Secondly, the Nassau complaint is from bipartisan Election Officials concerned about computerized vote-counting in general (as required by the NY election law they seek to overturn which allows both scanners AND DREs) and possible tampering with paper ballots. The PA complaint is from PFAW and some voters concerned about, among other things, accessibility, the lack of certification of the machines, etc. None of this gets to the heart of the issue of concealed vote counting.

This complaint seems to imply that if only the software were properly tested and not deployed at the 11th Hour, and the machines were more accessible, or made by a different vendor, there would be no worries. These are all false assurances and are NOT part of the Nassau complaint, which clearly states that complex software such as that used in computerized voting systems cannot be reliability certified, based on the scientific evidence.

There are other differences too numerous to mention between the two complaints, and I don't have time to find them all. NY has satisfied HAVA's accessibility requirement, and the Nassau suit is not being brought by DRE advocates. PA had not provided accessibility at the time this suit was filed. It's one of the major issues for the plaintiffs.

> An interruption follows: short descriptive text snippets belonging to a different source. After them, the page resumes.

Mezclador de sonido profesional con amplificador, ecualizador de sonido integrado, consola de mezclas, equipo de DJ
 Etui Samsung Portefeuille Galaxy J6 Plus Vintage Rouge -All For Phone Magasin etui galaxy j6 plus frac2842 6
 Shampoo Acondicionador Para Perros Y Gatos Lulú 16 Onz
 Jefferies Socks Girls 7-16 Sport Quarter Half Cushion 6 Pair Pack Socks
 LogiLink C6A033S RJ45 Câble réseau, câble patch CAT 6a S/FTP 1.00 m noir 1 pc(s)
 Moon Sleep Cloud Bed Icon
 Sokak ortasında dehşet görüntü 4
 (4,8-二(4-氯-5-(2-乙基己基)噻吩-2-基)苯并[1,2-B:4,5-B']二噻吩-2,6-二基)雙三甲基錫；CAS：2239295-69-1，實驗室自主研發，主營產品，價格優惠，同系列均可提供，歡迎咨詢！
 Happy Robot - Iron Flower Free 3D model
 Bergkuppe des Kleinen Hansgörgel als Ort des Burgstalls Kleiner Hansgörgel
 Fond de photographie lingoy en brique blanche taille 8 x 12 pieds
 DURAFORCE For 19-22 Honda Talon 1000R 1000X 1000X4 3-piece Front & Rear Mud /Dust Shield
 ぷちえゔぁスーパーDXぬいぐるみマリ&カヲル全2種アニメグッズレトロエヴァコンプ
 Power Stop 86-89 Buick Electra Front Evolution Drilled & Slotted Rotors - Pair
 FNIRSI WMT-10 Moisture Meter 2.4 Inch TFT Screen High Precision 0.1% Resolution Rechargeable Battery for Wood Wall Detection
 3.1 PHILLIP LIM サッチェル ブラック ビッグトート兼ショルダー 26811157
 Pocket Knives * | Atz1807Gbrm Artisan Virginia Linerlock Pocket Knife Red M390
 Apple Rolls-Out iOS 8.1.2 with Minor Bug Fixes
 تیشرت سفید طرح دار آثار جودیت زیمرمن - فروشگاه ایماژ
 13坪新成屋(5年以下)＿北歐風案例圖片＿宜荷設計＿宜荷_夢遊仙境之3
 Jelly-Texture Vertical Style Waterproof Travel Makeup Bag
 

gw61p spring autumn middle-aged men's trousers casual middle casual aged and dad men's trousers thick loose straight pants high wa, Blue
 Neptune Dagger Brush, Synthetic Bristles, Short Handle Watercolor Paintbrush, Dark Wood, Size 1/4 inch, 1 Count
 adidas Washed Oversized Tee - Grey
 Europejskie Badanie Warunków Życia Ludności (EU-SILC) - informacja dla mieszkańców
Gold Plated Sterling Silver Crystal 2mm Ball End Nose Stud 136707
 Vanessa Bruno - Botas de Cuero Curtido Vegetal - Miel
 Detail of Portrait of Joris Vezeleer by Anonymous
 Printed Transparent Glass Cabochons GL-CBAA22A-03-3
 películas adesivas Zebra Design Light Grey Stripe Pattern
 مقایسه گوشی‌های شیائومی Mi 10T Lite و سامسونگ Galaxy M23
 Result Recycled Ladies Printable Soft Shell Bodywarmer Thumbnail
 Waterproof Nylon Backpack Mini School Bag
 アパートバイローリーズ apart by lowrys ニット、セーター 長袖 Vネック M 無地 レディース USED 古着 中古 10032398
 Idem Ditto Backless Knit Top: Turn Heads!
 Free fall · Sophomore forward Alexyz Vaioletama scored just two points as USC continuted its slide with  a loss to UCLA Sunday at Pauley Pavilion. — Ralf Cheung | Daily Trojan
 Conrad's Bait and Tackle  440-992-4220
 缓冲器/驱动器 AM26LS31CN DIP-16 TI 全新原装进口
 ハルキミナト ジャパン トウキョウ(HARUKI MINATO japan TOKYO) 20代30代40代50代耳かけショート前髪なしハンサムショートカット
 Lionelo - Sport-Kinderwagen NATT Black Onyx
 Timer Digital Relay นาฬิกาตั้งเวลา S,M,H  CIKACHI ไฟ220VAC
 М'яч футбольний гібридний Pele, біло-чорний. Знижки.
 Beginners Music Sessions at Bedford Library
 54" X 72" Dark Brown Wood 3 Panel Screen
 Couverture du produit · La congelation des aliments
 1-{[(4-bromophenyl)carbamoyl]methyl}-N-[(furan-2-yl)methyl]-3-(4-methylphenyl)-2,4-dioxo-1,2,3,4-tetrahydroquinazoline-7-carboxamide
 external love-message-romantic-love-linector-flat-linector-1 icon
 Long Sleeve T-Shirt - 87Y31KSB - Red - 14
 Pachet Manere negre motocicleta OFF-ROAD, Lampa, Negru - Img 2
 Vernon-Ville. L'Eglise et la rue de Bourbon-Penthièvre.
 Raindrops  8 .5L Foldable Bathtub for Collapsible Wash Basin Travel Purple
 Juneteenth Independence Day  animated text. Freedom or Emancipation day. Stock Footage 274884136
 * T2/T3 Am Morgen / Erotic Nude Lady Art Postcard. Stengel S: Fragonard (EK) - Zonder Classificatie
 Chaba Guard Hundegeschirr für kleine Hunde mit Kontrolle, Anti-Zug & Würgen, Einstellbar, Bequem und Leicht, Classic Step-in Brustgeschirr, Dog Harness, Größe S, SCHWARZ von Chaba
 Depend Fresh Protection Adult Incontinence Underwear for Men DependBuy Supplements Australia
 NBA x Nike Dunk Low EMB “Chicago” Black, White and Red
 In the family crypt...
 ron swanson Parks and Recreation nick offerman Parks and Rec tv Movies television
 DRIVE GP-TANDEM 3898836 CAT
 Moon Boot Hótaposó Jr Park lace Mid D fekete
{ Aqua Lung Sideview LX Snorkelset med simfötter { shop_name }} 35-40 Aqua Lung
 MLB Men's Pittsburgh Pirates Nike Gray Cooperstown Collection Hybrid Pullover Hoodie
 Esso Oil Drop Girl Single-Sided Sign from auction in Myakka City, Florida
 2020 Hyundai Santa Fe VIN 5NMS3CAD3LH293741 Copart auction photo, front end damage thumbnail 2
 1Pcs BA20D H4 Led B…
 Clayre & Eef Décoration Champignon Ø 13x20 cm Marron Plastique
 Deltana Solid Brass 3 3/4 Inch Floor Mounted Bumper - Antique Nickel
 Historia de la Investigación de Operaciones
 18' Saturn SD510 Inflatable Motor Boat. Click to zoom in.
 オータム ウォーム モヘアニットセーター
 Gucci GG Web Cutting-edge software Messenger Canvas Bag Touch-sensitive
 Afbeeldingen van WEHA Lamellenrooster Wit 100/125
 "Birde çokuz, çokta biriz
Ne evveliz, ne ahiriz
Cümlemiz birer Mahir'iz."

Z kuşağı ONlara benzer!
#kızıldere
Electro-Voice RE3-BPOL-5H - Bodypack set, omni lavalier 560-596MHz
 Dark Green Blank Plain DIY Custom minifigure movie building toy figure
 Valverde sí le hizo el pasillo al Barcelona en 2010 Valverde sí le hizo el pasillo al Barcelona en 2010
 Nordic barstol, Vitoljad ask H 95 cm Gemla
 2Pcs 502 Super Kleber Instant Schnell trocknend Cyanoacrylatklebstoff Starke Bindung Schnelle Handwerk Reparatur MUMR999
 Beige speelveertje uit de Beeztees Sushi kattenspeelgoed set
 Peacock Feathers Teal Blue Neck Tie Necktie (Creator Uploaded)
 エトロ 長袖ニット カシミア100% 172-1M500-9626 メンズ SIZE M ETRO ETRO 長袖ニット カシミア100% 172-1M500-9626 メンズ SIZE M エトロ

And the PA suit doesn't even seem to recognize the difference between a voting machine and a voting system as defined in HAVA.

If you can't do better than this, either the Nassau case hasn't been made before, or you're not trying hard enough.

As far as audits, I'm all for improving them in any state that's saddled with computerized vote counting. In the case of New York, AS I SAID, the powers that be are the ones who have displayed a complete lack of concern about the issue of election verification. Explain to me why you believe otherwise.